Una familia marcada por el miedo
Hace un año, el esposo de Goez-Santos fue detenido por ICE mientras iba rumbo a su trabajo, lo que dejó a la familia en una situación de gran vulnerabilidad. Desde entonces, la madre vivió con miedo constante: evitaba salir con sus hijos y solo lo hacía en casos estrictamente necesarios, como llevar a los niños al médico. Vivir con ese temor, sintiéndose “cazada”, generó una tensión emocional tan grande que decidieron marcharse.
Según relató ella misma, no quería que sus hijos vivieran la experiencia de un arresto forzado — salir esposados, ser arrancados de su casa, presenciar un operativo — y optó por poner fin al sueño americano. Decidieron autodeportarse en un vuelo hacia Colombia, tras un proceso coordinado con las autoridades migratorias.
El miedo a un arresto en EE. UU. llevó a una familia colombiana a autodeportarse
La familia había llegado a Estados Unidos tres años atrás con la intención de solicitar asilo, escapando de la violencia en Colombia. Pero tras la deportación del padre y la negación de su caso, la madre consideró que su situación era insostenible.

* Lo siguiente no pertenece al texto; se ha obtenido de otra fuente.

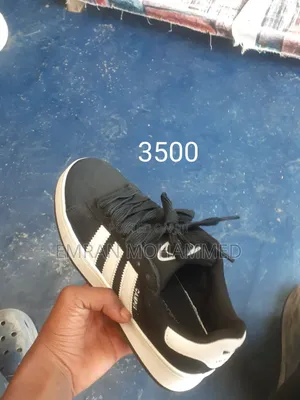 ባሉበት ቦታ እናደርሳለን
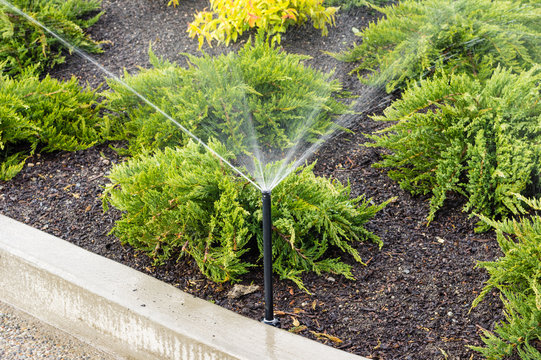 Irrigation sprinklers watering landscape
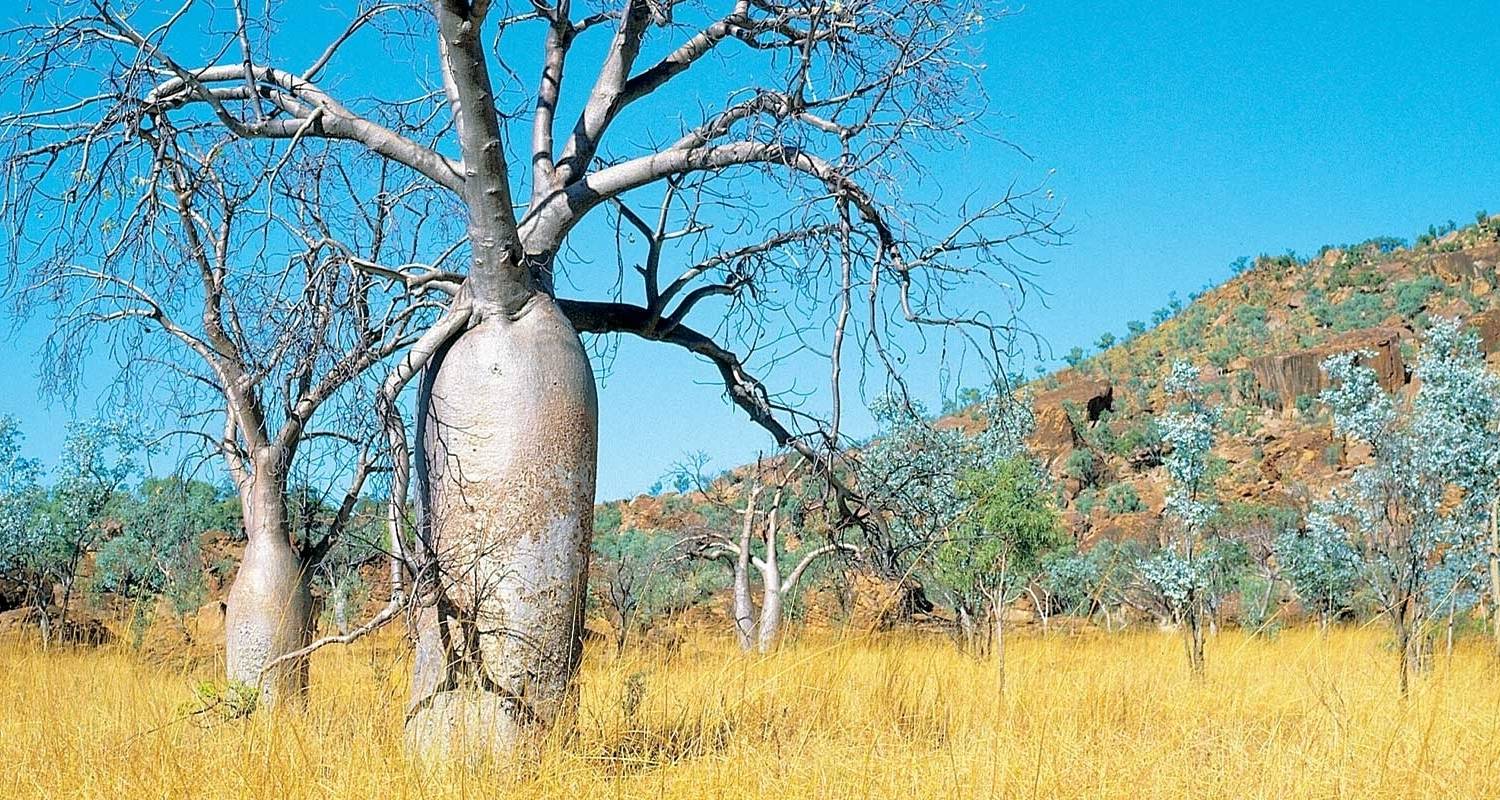 Actief Avontuur Rondreizen in West-Australië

Prefirió regresar “con lo puesto” antes de exponer a sus hijos a un nuevo arresto arbitrario.
Dos de sus hijos son ciudadanos estadounidenses, y la menor tiene apenas ocho meses. A pesar de la incertidumbre de volver a Colombia —un país cuya situación no conocen — decidieron dar ese paso buscando proteger su bienestar emocional y familiar.
Un drama entre políticas migratorias y temor cotidiano
Este caso ilustra el impacto de las políticas migratorias restrictivas en familias vulnerables: más allá de las cifras, hay decisiones dolorosas tomadas por miedo real a la separación, al hostigamiento, al trauma psicológico. Muchas familias, como esta, optan por autodeportarse voluntariamente ante el temor a perderlo todo o ver a sus hijos sufrir.
También revela la carga emocional de vivir en un estado permanente de tensión, la pérdida de expectativas y de esperanza, y cómo ese miedo puede desencadenar decisiones extremas: dejar atrás sueños, derechos, y la vida construida.